Nothing
## ----setup, include = FALSE---------------------------------------------------
library(knitr)
library(BiocStyle)
knitr::opts_chunk$set(
collapse = TRUE,
comment = "",
cache = FALSE,
message = FALSE,
warning = FALSE,
width = 80,
crop = NULL
)
## ----load-package-------------------------------------------------------------
library(BigDataStatMeth)
## ----options-view-------------------------------------------------------------
old_opts <- hdf5matrix_options()
old_opts
## ----options-set--------------------------------------------------------------
hdf5matrix_options(
paral = TRUE,
threads = 2L,
block_size = 512L,
compression = 6L
)
hdf5matrix_options()
## ----create-matrix------------------------------------------------------------
h5file <- tempfile(fileext = ".h5")
set.seed(123)
X <- matrix(rnorm(500 * 100), nrow = 500, ncol = 100)

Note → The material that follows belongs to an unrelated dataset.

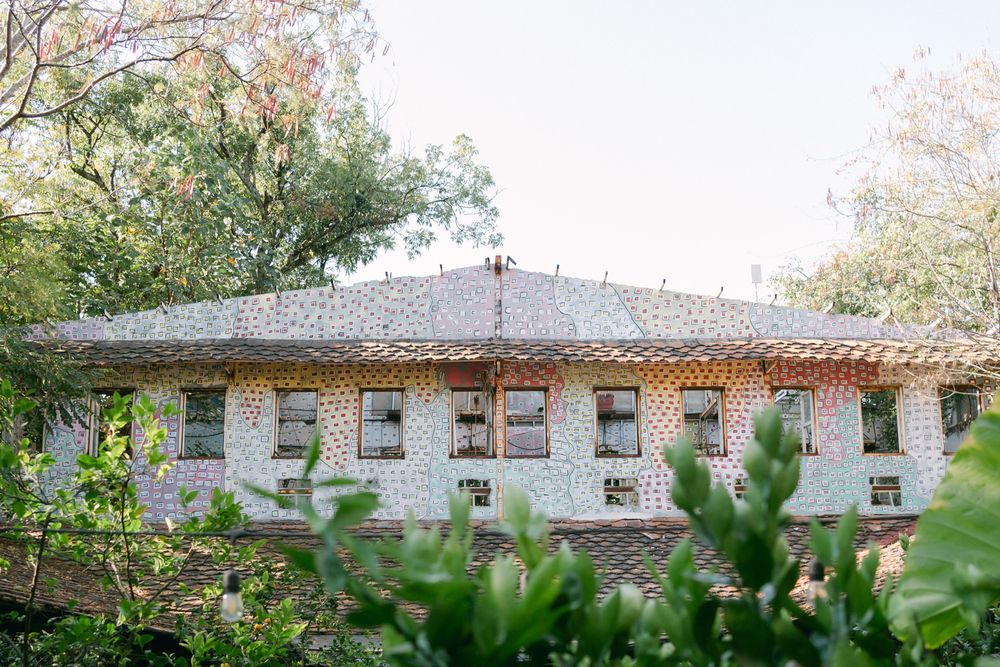 A panoramic view of a traditional white building with a gray roof surrounded by autumn trees and foliage.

X_h5 <- hdf5_create_matrix(
filename = h5file,
dataset = "data/X",
data = X,
overwrite = TRUE
)
X_h5
dim(X_h5)
nrow(X_h5)
ncol(X_h5)
## ----open-matrix--------------------------------------------------------------
list_datasets(h5file)
X_h5_reopened <- hdf5_matrix(
filename = h5file,
path = "data/X"
)
dim(X_h5_reopened)
## ----import-tabular-data------------------------------------------------------
csv_file <- system.file(
"extdata", "colesterol.csv",
package = "BigDataStatMeth"
)
if (!nzchar(csv_file)) {
csv_file <- system.file(
"data", "colesterol.csv",
package = "BigDataStatMeth"
)
}
if (!nzchar(csv_file) && file.exists("colesterol.csv")) {
csv_file <- "colesterol.csv"
}
stopifnot(nzchar(csv_file))
h5_csv <- tempfile(fileext = ".h5")
cholesterol_h5 <- hdf5_import(
source = csv_file,
filename = h5_csv,
dataset = "cholesterol/data",
sep = ",",
header = TRUE,
overwrite = TRUE
)
cholesterol_h5
dim(cholesterol_h5)
cholesterol_h5[1:5, 1:min(6, ncol(cholesterol_h5))]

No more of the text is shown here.